[Requirement]
Set down the data again exactly. Pictures are not part of the copy.

——————————

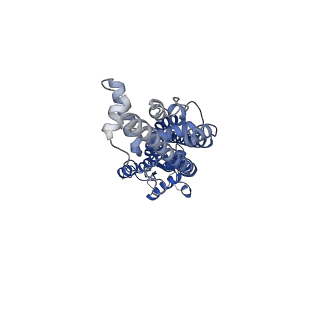 21594_6wbn_B_v1-2
Cryo-EM structure of human Pannexin 1 channel N255A mutant, gap junction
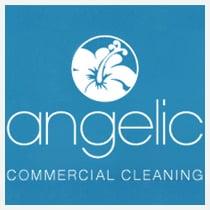 Angelic Commercial Cleaning Services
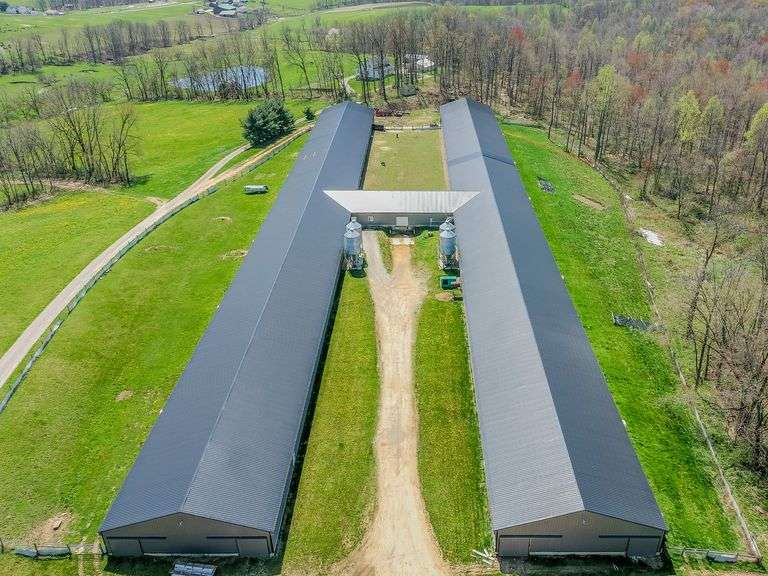 Chicken Barns on 9.6 Acres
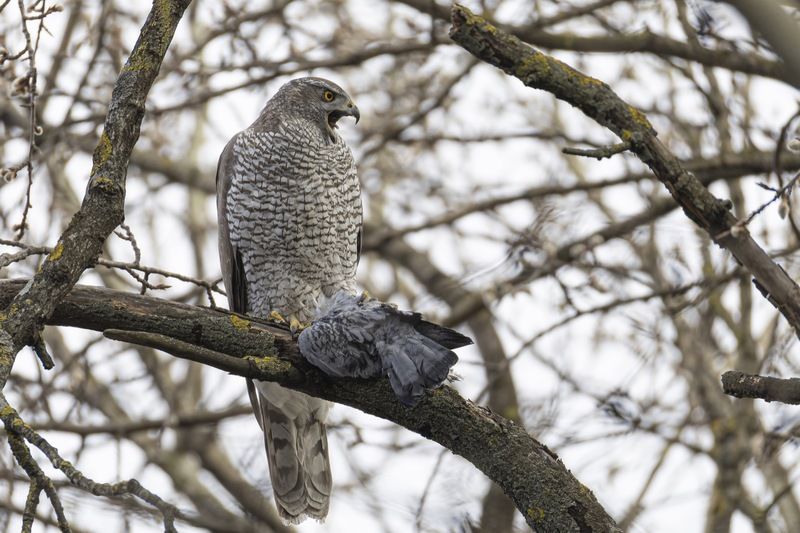 ястреб тетеревятник, ястреб, тетеревятник, птицы, ястреб-тетеревятник, хищники, хищная птица. hawk, birds, goshawk  фото превью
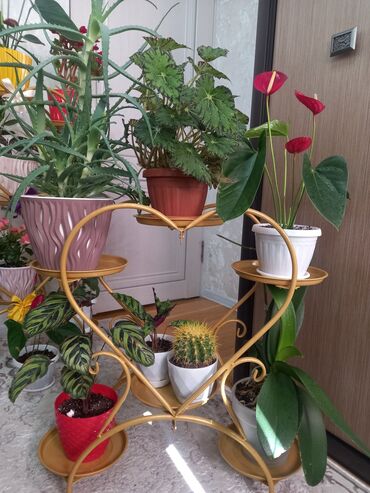 подставка под горшок для цветов: Этажерка для цветов, Новый, Железо, Самовывоз, Платная доставка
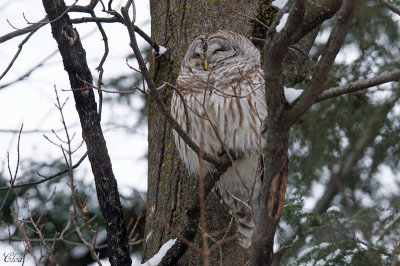 Chouette raye - Barred owl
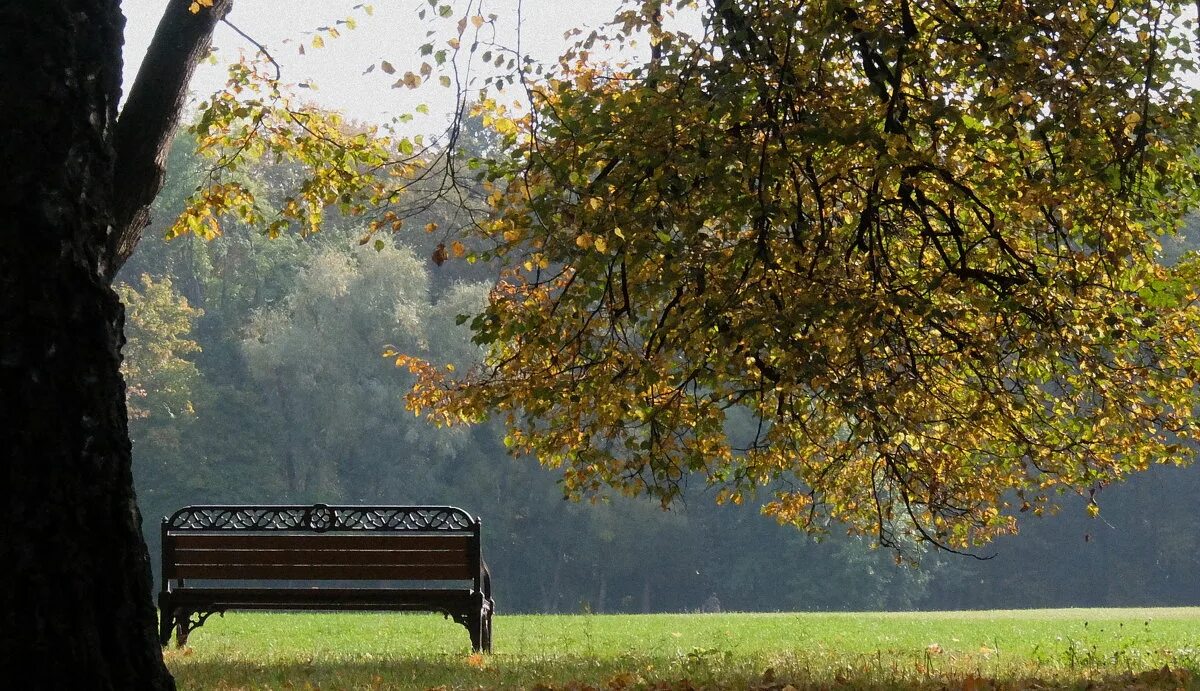 Одинокая скамья. Одинокая скамья. Скамья в лесу. Одинокий человек на скамейке. Одинокая скамья.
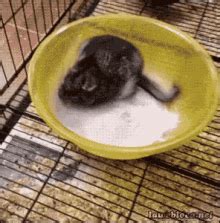 Gerbil On Wheel GIFs | Tenor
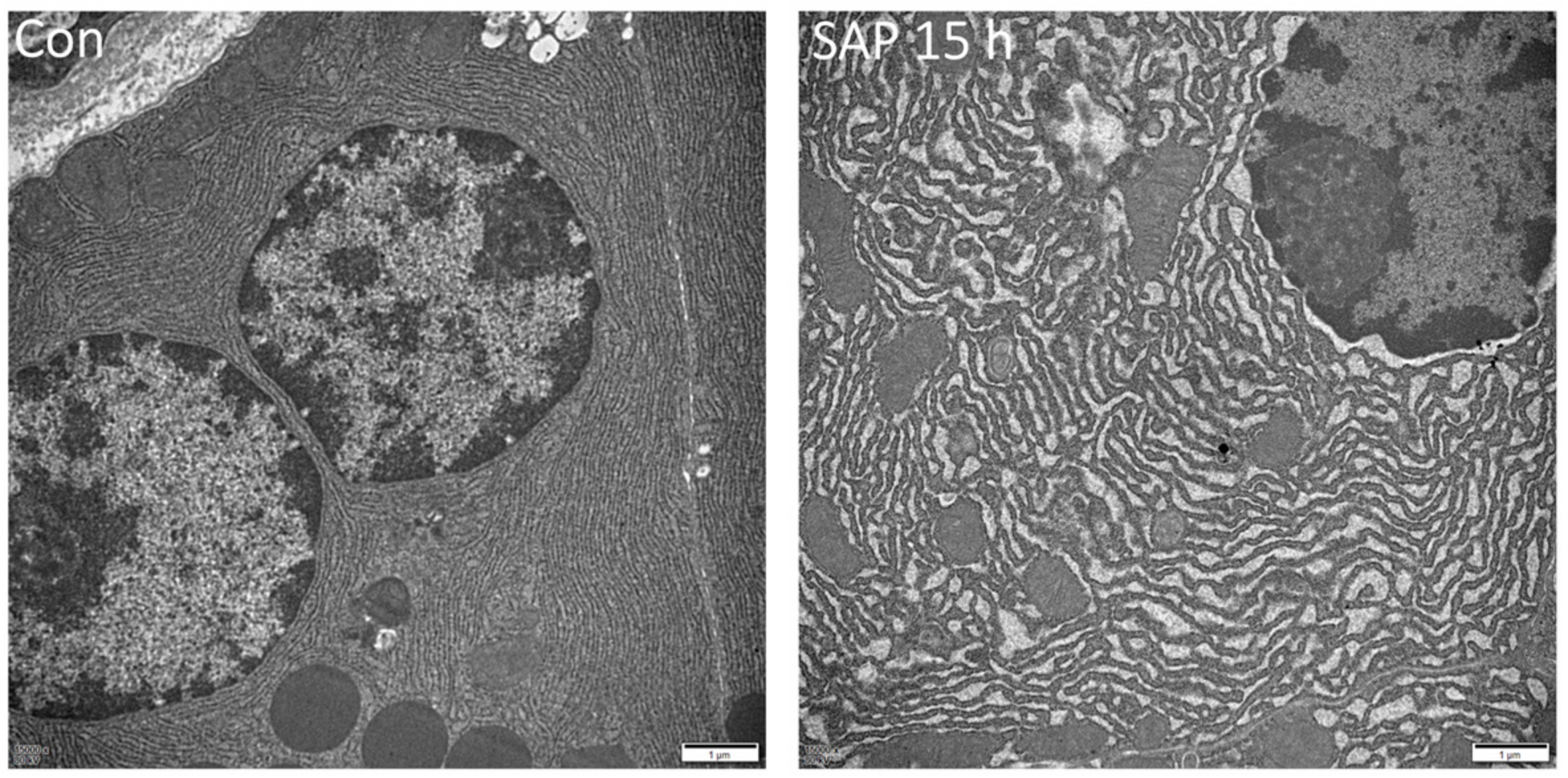Medicina 59 00321 g002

——————————

[Expected answer]
 21594_6wbn_B_v1-2
Cryo-EM structure of human Pannexin 1 channel N255A mutant, gap junction
 Angelic Commercial Cleaning Services
 Chicken Barns on 9.6 Acres
 ястреб тетеревятник, ястреб, тетеревятник, птицы, ястреб-тетеревятник, хищники, хищная птица. hawk, birds, goshawk  фото превью
 подставка под горшок для цветов: Этажерка для цветов, Новый, Железо, Самовывоз, Платная доставка
 Chouette raye - Barred owl
 Одинокая скамья. Одинокая скамья. Скамья в лесу. Одинокий человек на скамейке. Одинокая скамья.
 Gerbil On Wheel GIFs | Tenor
Medicina 59 00321 g002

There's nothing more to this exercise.